Are Bene Gesserit sane? The cases of possession were common enough to be called abomination, and they usually killed the Bene Gesserit sisters who ended up possessed. Was that what he was talking about?

“Wait, Doctor, maybe her society developed some way to fight against those consequences,” the Captain suggested.

“Depends on what he’s talking about. If you’re talking about being possessed by past memories, Bene Gesserit didn’t develop any way to fight that. Not in a way that you would find acceptable. They kill the Bene Gesserit sisters who cannot control their ancestral memories,” Alathea clarified.

“You said you remember all your reincarnations?” Seven asked.

“Yes. All of them, and the original life. In my original life, I was trained as a Bene Gesserit sister, and part of that training comprises mental exercises to prepare a Bene Gesserit sister to handle and control past lives. But when one is a Ghola, things are different. Everything is my life—11 childhoods, 11 adolescences, 11 different trainings and lives. And in 8 of them, I got killed after I completed the task.”

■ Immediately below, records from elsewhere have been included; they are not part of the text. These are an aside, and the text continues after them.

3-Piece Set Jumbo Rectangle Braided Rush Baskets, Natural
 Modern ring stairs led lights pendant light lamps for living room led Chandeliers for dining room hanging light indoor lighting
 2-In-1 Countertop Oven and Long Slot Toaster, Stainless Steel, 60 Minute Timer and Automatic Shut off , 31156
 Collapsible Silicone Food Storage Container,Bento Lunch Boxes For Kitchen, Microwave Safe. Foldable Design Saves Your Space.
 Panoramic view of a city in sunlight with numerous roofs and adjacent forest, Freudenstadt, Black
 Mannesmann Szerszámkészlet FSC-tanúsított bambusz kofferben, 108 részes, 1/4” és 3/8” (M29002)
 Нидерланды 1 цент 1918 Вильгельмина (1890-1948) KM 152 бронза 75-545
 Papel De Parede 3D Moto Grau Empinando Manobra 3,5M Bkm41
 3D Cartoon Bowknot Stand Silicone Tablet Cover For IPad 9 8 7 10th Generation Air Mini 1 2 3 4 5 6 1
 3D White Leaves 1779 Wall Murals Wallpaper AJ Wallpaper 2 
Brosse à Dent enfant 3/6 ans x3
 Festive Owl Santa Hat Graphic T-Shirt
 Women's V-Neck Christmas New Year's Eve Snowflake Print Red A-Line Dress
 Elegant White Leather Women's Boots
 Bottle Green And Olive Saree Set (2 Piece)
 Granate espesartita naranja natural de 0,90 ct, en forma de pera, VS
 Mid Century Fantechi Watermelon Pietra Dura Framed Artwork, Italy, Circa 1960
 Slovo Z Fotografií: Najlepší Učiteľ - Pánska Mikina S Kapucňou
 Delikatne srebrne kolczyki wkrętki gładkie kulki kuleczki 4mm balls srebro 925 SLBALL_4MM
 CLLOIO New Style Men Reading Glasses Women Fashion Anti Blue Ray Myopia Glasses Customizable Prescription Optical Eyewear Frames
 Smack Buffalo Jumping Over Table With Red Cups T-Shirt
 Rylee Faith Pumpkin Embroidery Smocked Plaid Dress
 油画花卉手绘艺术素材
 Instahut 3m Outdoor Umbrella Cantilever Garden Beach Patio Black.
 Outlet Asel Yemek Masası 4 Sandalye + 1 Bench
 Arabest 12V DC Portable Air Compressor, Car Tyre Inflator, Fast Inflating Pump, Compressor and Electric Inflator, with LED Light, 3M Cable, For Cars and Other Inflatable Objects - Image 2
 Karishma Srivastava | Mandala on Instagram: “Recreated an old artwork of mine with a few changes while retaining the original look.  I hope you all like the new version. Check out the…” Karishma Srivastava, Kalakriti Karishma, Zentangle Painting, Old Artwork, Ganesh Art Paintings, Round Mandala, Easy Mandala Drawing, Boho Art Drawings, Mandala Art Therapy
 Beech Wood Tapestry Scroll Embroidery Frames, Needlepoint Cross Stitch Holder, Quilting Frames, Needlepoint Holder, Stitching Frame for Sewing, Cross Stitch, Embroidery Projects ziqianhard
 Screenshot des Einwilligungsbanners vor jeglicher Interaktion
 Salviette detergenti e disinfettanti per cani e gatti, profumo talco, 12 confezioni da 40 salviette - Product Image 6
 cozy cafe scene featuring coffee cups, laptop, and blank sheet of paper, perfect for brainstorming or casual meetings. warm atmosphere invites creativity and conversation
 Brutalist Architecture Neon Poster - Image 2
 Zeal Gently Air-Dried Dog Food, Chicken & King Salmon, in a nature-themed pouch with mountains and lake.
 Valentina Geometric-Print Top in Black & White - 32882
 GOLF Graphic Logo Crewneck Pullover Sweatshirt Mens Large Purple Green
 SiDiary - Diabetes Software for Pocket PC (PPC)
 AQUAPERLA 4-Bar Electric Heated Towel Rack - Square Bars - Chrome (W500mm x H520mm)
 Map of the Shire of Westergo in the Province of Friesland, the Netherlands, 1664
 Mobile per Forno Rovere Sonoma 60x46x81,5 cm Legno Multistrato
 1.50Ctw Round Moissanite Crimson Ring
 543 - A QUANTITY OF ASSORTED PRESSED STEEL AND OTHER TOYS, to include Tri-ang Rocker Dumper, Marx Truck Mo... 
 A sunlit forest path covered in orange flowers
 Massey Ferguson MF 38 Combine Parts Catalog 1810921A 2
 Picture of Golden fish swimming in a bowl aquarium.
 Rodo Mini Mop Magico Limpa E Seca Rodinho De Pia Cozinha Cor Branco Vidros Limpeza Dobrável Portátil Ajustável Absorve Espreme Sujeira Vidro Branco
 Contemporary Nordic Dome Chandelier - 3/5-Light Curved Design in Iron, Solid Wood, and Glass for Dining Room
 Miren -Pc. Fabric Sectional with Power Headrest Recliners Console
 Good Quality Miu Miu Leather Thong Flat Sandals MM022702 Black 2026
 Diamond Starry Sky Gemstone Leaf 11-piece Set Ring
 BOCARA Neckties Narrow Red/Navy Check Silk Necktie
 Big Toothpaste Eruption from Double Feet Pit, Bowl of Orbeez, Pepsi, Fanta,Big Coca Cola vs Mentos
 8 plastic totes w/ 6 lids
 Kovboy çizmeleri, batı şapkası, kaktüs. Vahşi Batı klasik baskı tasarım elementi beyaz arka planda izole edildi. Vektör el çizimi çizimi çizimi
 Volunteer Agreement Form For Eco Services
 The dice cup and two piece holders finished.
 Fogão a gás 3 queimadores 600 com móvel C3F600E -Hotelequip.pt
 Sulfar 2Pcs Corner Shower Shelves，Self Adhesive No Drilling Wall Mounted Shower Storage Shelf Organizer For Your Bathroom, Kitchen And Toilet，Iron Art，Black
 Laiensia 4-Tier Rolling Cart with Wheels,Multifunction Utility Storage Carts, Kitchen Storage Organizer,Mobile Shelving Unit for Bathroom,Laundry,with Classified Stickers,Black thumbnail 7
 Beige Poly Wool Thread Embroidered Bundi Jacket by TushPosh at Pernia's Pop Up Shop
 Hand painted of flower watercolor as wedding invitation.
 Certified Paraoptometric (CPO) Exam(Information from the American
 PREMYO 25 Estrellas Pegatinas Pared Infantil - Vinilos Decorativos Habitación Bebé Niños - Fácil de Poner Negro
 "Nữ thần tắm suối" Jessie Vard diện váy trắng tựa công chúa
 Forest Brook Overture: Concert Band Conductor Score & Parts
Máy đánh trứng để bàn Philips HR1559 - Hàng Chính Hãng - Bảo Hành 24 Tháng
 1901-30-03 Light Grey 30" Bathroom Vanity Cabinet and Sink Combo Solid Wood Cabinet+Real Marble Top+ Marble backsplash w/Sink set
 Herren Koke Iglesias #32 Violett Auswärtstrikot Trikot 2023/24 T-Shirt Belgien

“Accidents?” Kim inquired.

“No. A Ghola named Duncan Idaho caused some problems after my first resurrection. That man was resurrected so many times that his memories covered tens of thousands of years. Anyway, he almost collapsed the society in his last resurrection, so a law was introduced that every Ghola has to be killed after the task is completed. So eight times, I completed the task and got killed.”

She looked at the faces of the crew, searching for the expression she had seen countless times on the faces of the Bene Gesserit sisters—a signal of the death sentence. But she could not find it.

“So this time, you avoided death by entering the black hole.”

“I thought I would die in the black hole,” Alathea replied, focusing her gaze at the bubbles in the liquid in her glass. “Most likely, they sent me to die in the black hole, so that the time dilation of my approach to the wormhole serves as a warning beacon for other Gholas. I made a mistake.” Why did she tell them this? What did she expect? She had finally found some people who treated her half-decent, but now, she had spoiled it by revealing she’s a Ghola. Yes, they didn’t show disgust on their faces, but that didn’t mean they too would accept her, a Ghola.

Everyone fell silent for a moment, and then the captain broke the silence. “Well, seems like all those ancestor memories in those sisters removed humanity from them.”

Alathea snapped her head up, meeting the captain’s smiling eyes.

“Maybe that’s the very symptom of insanity I was talking about. All those memories made them insane. Only an insane person would kill someone like you,” the Doctor said.

The rest of the crew nodded in all seriousness. Neelix sprinted toward her, enveloping her in a bear hug. Alathea’s throat closed, and her vision blurred with tears. She blinked the tears away. These people were kinder than she ever thought possible.

“Come on, you belong in the picture! Come!” the Captain declared with a big smile.